February 4, 2002HOUSTON -- Andrews & Kurth secured an arbitration award for its client Mobile Energy Services Company, L.L.C. (MESC) against Kimberly-Clark Corporation (K-C) for at least $27 million, which is the second in as many weeks for MESC against K-C. The award for the disputed demand charges due for K-C’s closure of its Pulp Mill exceed by more than $25 million the amount K-C contended it should pay in the arbitration, according to John Lee, a partner with Andrews & Kurth and MESC’s lead trial counsel in the arbitrations. This decision, which the American Arbitration Association (AAA) announced in Dallas on January 31, 2002, together with an award involving the same site issued by the AAA on January 21, 2002, require K-C to pay MESC more than $53 million.

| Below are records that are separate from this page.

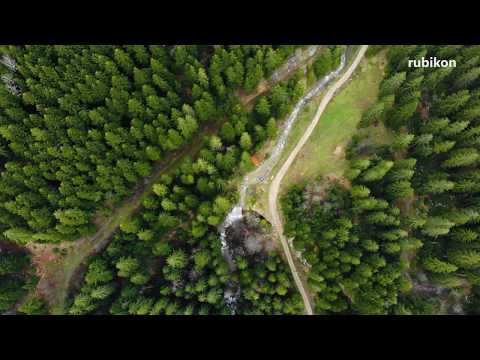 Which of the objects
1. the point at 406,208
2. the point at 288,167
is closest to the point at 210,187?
the point at 288,167

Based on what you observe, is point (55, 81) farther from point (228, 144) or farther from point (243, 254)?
point (243, 254)

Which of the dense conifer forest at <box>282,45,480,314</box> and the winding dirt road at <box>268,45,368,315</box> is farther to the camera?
the winding dirt road at <box>268,45,368,315</box>

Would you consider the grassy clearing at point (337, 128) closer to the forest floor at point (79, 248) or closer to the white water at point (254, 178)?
the white water at point (254, 178)

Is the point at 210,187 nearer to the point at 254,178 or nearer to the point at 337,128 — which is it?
the point at 254,178

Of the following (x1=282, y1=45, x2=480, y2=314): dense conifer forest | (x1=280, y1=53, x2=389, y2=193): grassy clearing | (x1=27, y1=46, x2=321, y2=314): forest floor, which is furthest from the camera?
(x1=280, y1=53, x2=389, y2=193): grassy clearing

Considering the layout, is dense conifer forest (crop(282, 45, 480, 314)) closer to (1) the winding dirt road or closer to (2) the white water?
(1) the winding dirt road

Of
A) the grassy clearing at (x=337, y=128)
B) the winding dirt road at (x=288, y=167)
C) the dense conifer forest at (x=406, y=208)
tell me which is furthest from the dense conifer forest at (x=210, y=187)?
the grassy clearing at (x=337, y=128)

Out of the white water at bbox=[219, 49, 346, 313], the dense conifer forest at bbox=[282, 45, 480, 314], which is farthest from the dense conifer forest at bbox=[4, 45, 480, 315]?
the white water at bbox=[219, 49, 346, 313] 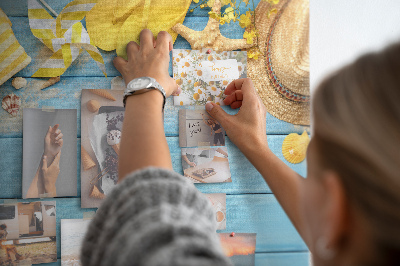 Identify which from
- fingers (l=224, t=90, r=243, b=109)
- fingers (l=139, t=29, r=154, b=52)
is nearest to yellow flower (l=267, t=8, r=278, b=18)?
fingers (l=224, t=90, r=243, b=109)

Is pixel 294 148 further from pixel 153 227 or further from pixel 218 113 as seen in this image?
pixel 153 227

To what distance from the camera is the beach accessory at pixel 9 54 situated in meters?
0.87

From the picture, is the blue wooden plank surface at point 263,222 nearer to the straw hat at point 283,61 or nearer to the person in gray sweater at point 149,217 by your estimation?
the straw hat at point 283,61

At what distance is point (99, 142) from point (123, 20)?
0.34m

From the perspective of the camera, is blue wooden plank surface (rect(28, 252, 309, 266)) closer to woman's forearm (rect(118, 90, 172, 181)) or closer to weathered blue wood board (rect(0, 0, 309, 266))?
weathered blue wood board (rect(0, 0, 309, 266))

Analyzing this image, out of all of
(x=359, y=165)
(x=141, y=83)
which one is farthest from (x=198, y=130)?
(x=359, y=165)

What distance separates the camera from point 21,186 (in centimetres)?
88

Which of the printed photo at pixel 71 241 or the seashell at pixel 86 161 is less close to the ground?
the seashell at pixel 86 161

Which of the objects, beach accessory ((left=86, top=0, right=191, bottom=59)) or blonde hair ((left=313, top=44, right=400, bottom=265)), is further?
beach accessory ((left=86, top=0, right=191, bottom=59))

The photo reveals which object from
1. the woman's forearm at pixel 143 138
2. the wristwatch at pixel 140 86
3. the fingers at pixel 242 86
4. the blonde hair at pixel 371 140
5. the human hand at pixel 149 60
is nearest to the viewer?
the blonde hair at pixel 371 140

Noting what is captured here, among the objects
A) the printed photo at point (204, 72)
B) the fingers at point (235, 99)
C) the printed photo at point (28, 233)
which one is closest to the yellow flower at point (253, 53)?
the printed photo at point (204, 72)

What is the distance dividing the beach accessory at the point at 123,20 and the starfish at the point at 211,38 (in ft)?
0.19

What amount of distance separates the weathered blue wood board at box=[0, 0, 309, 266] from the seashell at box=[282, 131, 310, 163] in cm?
2

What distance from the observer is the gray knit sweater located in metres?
0.41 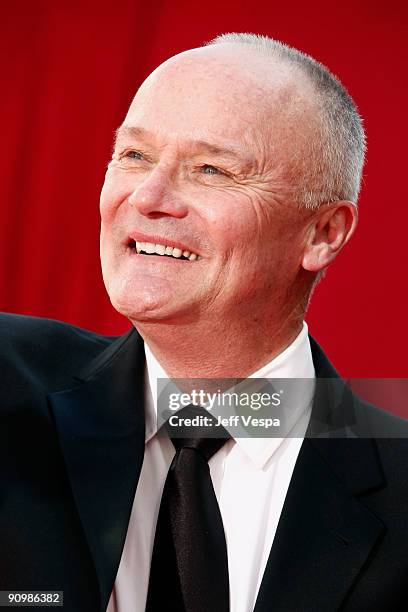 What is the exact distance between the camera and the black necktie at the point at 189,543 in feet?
4.75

The two awards stem from K-C’s September 1, 1999 closure of its Pulp Mill in Mobile, Alabama and replacement of the Pulp Mill’s pulp-making operations with a dry fiber operation. MESC has contracts to provide the energy services required by K-C’s Pulp Mill and its Tissue Mill, which are located at the same mill complex in Mobile. The contracts obligate K-C to pay MESC demand charges for its continued activities on the Pulp Mill property,” says Lee. The most recent announced arbitration award resolves the parties’ dispute over the Pulp Mill’s demand charges due since the September 1, 1999 closure.
“While this second award does not provide MESC the full amount of Pulp Mill demand charges we were seeking from K-C, it does deny K-C’s position that it only owed Pulp Mill demand charges based on the mill’s very limited prospective usage of MESC’s energy services at the mill. Instead it established a Pulp Mill demand charge due for the entire two-year period following the closure based on a return of investment theory we alternatively urged,” Lee says. While the award set the demand rate to provide a lower return than we believed was justly merited, $27 million still far exceeds the $2 million K-C was willing to pay based on its prospective energy usage,” Lee says.

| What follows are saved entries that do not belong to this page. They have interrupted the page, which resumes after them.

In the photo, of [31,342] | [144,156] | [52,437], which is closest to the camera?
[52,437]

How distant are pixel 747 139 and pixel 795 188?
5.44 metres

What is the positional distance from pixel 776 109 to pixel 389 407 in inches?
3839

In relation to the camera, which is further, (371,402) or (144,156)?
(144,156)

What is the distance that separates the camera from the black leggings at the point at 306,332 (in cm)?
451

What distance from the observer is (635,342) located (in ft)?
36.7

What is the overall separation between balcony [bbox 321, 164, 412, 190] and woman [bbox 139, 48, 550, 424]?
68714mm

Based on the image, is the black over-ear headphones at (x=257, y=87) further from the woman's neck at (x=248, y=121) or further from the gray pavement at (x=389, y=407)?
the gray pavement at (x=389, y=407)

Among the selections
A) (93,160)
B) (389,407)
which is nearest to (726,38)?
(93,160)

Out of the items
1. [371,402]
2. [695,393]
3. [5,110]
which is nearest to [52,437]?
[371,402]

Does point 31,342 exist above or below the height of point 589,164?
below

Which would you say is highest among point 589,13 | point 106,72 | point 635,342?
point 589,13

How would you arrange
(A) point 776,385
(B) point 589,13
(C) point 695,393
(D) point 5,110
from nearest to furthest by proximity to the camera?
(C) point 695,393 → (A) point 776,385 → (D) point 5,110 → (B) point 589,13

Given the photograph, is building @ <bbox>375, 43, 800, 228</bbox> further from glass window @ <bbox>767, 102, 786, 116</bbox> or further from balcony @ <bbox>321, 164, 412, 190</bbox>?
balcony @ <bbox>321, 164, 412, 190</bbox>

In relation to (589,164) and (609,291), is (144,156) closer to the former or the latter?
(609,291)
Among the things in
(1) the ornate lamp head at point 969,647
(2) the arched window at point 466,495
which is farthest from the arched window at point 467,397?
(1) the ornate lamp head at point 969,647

“For the second time in two weeks I find myself praising the Andrews & Kurth team that represented MESC in two very complex arbitration cases. The cumulative cash awards in excess of $53 million are a major component of MESC’s recovery program. Hopefully, with these major disputes behind us, MESC can now focus more on the future, as we expect to continue to be the primary energy supplier to Kimberly-Clark’s very important Tissue Mill in Mobile, for years to come,” says Jim Stewart, chief executive officer of MESC.
The Andrews & Kurth team representing MESC included partners Lee, Scott Locher, and David Zdunkewicz, of counsel Neil Kelly, and associate Liz Wiley, the same team who represented MESC in the first successful arbitration. The demand charge claims arose under a very complex and technical energy service agreement for the Pulp Mill and a master operating agreement for the whole mill complex, both of which were entered in connection with the 1994 sale of the complex’s energy-production assets to MESC. K-C was represented in this arbitration by a team of former Sidley & Austin lawyers from Chicago.
Andrews & Kurth L.L.P., founded in 1902, is based in Houston, has 360 lawyers and offices in Austin, Dallas, Los Angeles, London, New York and Washington D.C. The firm’s practice areas include appellate, bankruptcy, business transactions, energy, environmental, corporate and securities, labor and employment, litigation, intellectual property, public law, project finance, real estate, structured finance, asset securitization, technology and tax law for U.S. and international clients.
MESC is an unregulated subsidiary of the Southern Company formed in 1994 to acquire the energy production assets situated in the Mobile mill complex. K-C, which merged with Scott Paper Company in 1995, is a $14 billion global consumer products company that manufactures tissue, personal care and health care products under various brand names.